PROBLEM STATEMENT
Would you print all of the entries exactly, please, but without their pictures?

[[ DATA, beginning ]]

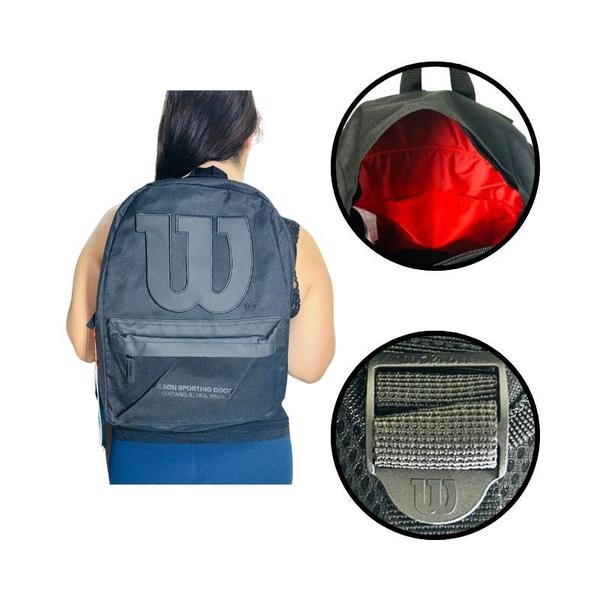 Imagem de Mochila Wilson Escolar Trabalho Lazer Notebook Preta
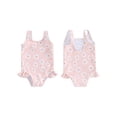 thumbnail image 2 of vera natura Baby Girl Swimwear Summer Floral Print Sleeveless Ruffle Monokini Swimsuits  Suits Beachwear, 2 of 8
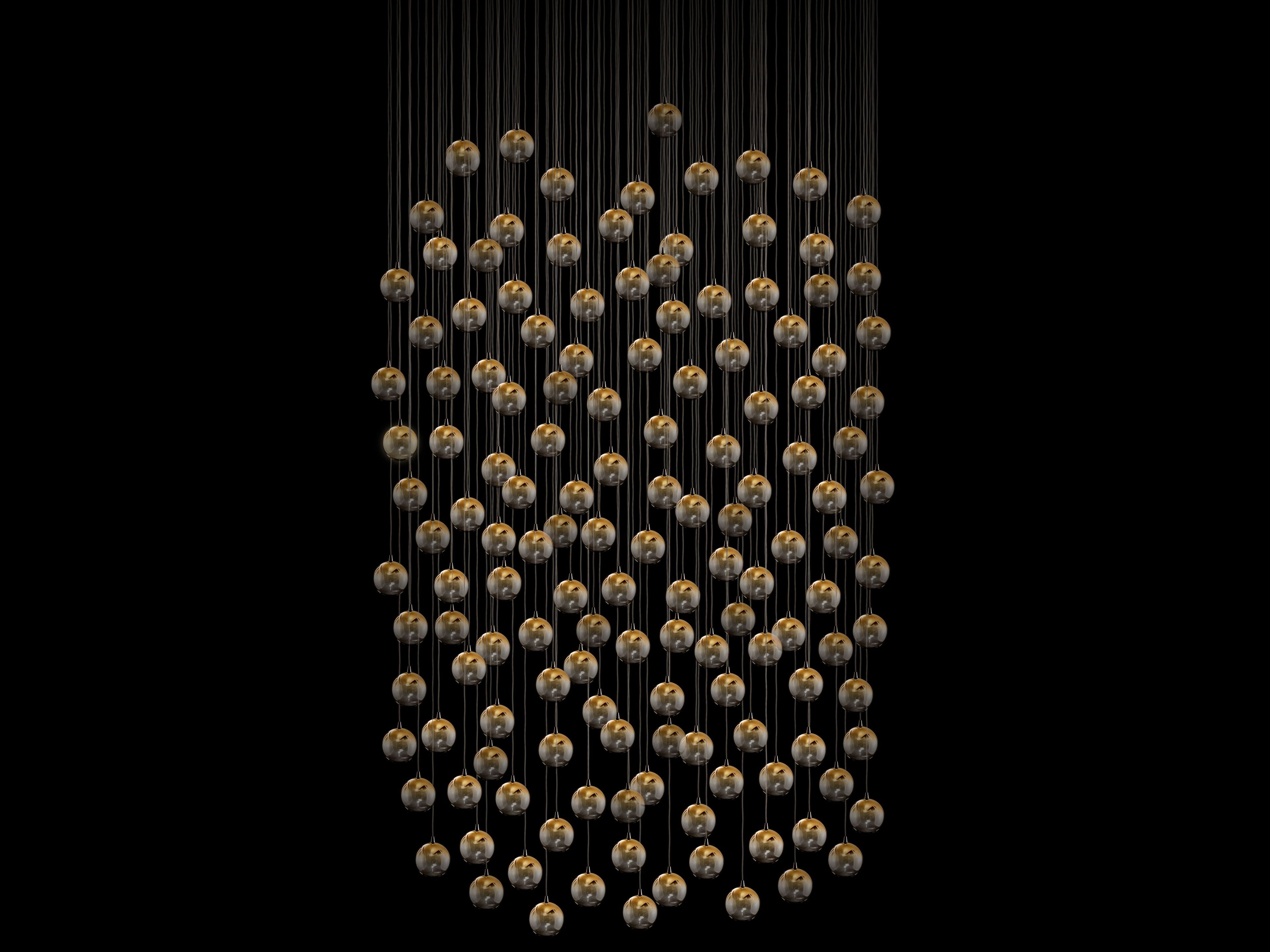 Стеклянный светодиодный подвесной светильник ILFARI Ballroom ARCH-00050260 - Вид №2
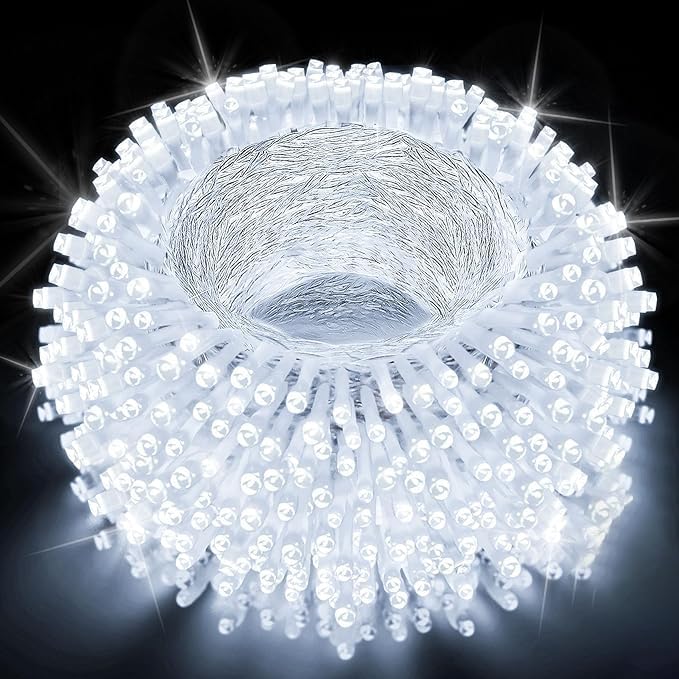 DECOVAA 56 LED 15 Meter String Lights, Fairy Lights with Waterproof Light for Home Decoration, Indoor and Outdoor Décor, Wedding, Party, Patio Lights (Cool White, 50 Feet) (B0DFYCLNV2) Amazon Price History, Amazon Price Tracker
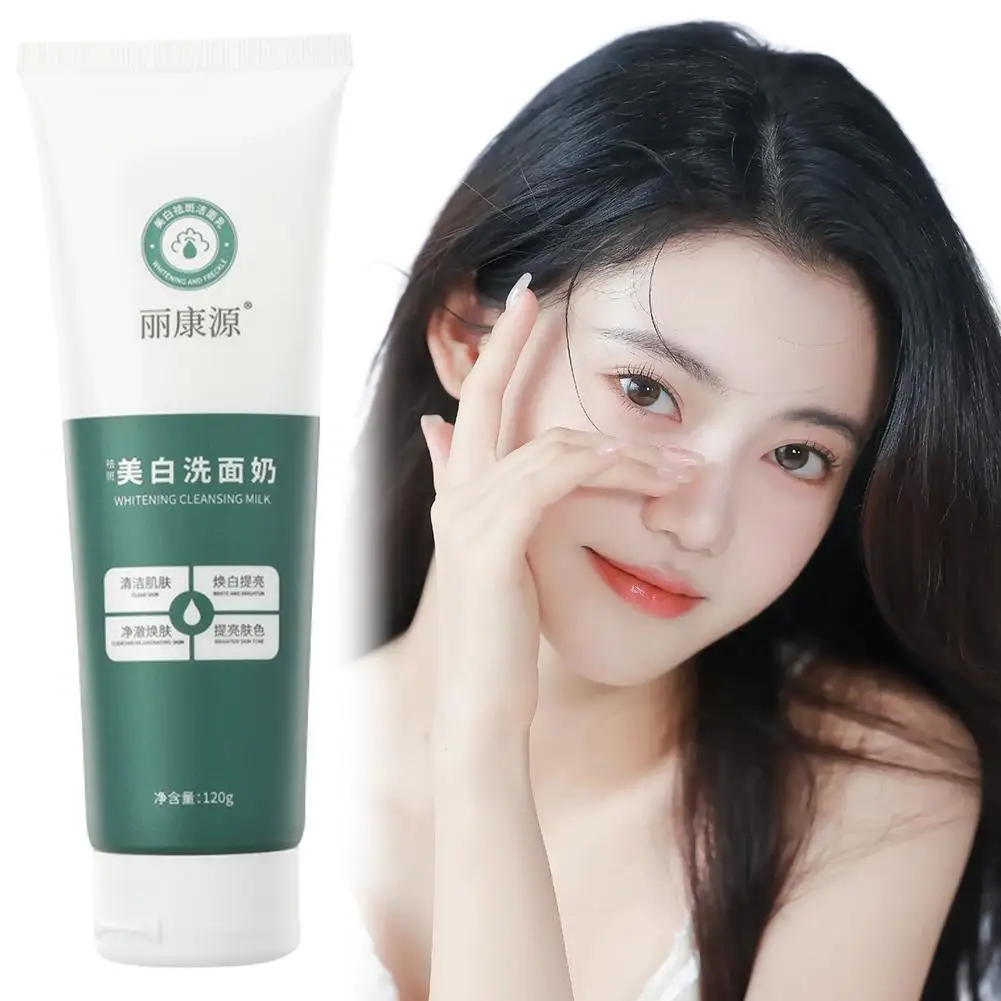

Skin Hydrates Amino Acids Deep Cleansing Pore Refining Moisturizes Face Cleanser Facial 120g Wash Whitening Foaming B5S5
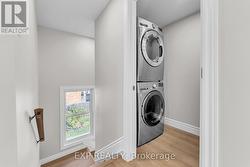 New laundry moved upstairs. -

[[ DATA, end ]]

WRITTEN RESPONSE
 Imagem de Mochila Wilson Escolar Trabalho Lazer Notebook Preta
 thumbnail image 2 of vera natura Baby Girl Swimwear Summer Floral Print Sleeveless Ruffle Monokini Swimsuits  Suits Beachwear, 2 of 8
 Стеклянный светодиодный подвесной светильник ILFARI Ballroom ARCH-00050260 - Вид №2
 DECOVAA 56 LED 15 Meter String Lights, Fairy Lights with Waterproof Light for Home Decoration, Indoor and Outdoor Décor, Wedding, Party, Patio Lights (Cool White, 50 Feet) (B0DFYCLNV2) Amazon Price History, Amazon Price Tracker

Skin Hydrates Amino Acids Deep Cleansing Pore Refining Moisturizes Face Cleanser Facial 120g Wash Whitening Foaming B5S5
 New laundry moved upstairs. -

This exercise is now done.